**Task brief**:
Return the records from the first line through the line containing "Bali Aqua - Nusa Penida Dive Center image", and leave out the pictures.

**Supplied records**:

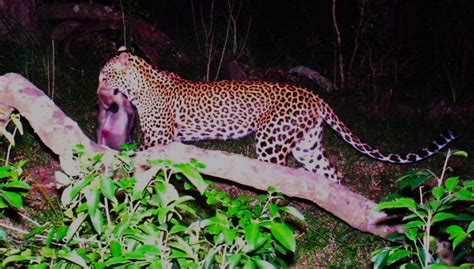 From leopard faeces to dogs disguised as big cats, Sri Lankans look to ...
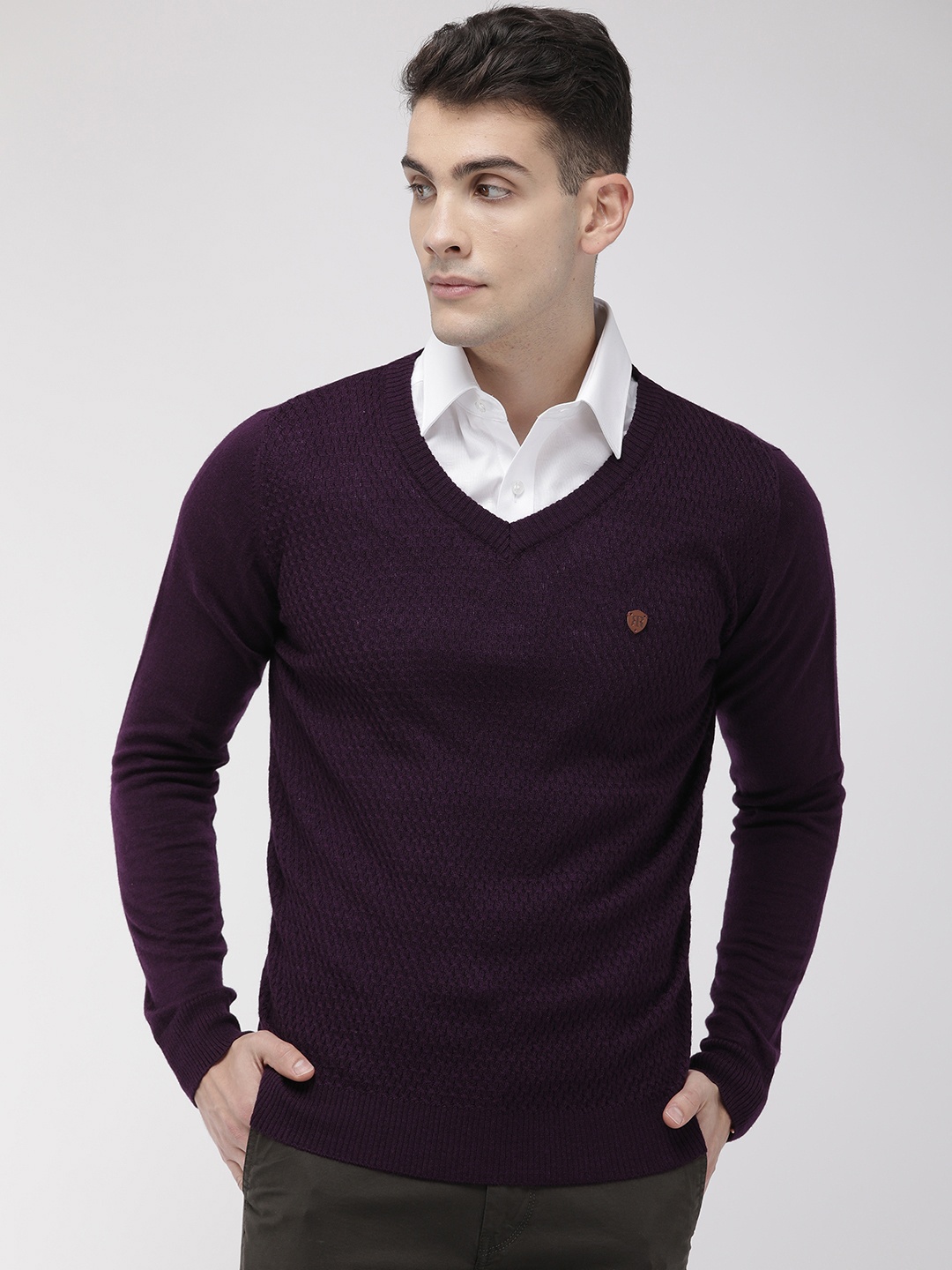 

Raymond Men Violet Self Design Pullover Sweater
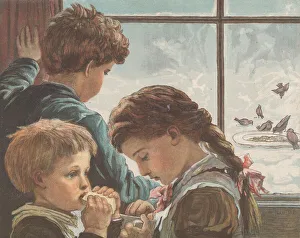 Hungry Birds, from The Graphic'Christmas Number, December 2, 1882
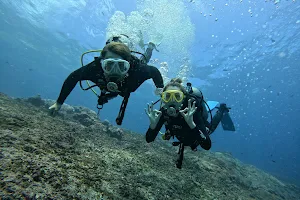 Bali Aqua - Nusa Penida Dive Center image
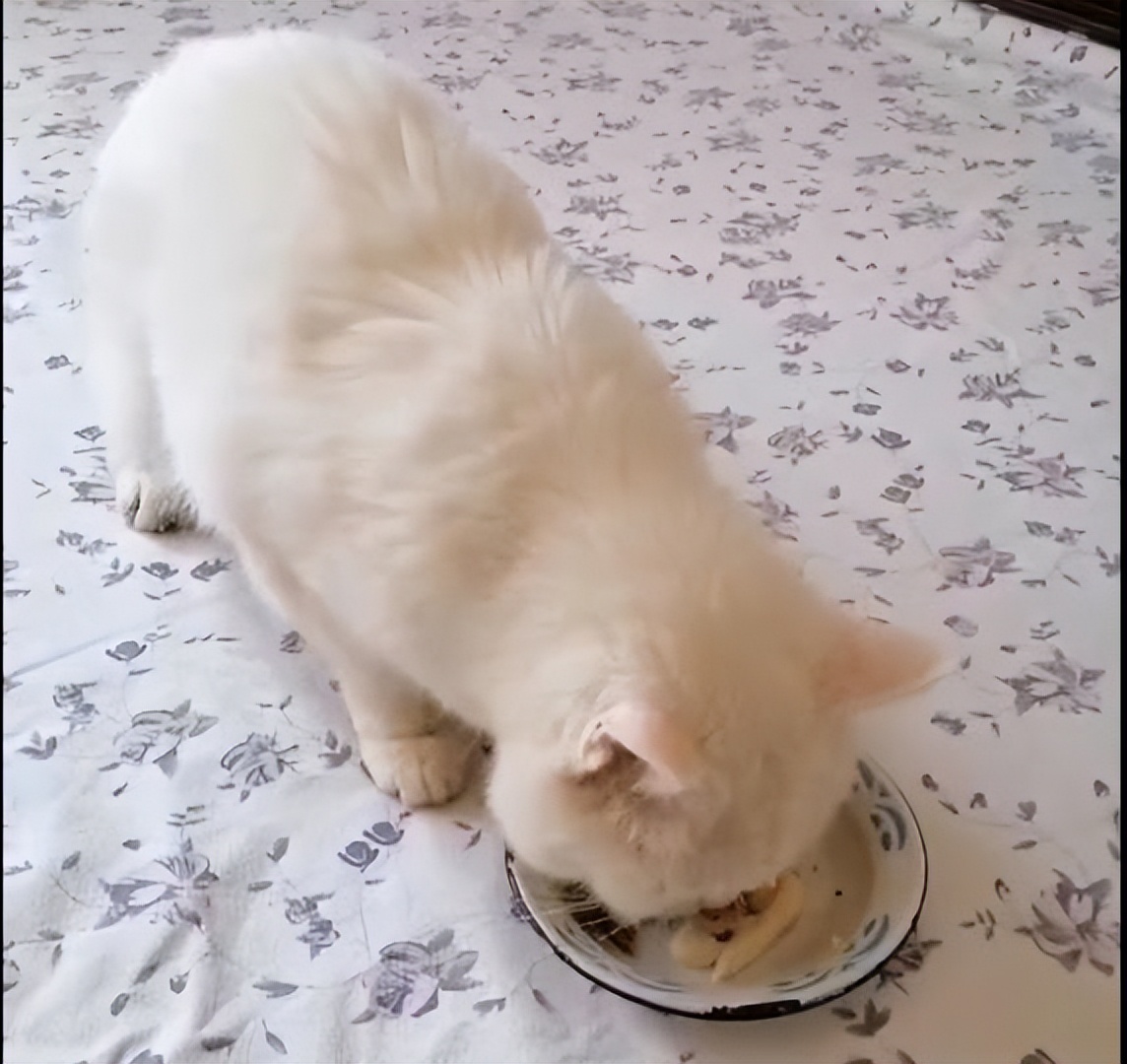 胺肾对三期肾衰猫咪有效果吗,猫咪尿闭引起肾衰怎么治疗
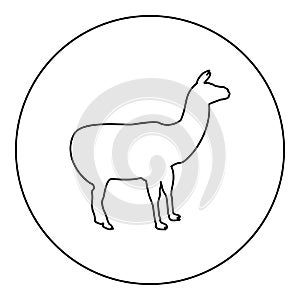 Alpaca Llama Lama Guanaco silhouette in circle round black color vector illustration contour outline style image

**Exercise result**:
 From leopard faeces to dogs disguised as big cats, Sri Lankans look to ...

Raymond Men Violet Self Design Pullover Sweater
 Hungry Birds, from The Graphic'Christmas Number, December 2, 1882
 Bali Aqua - Nusa Penida Dive Center image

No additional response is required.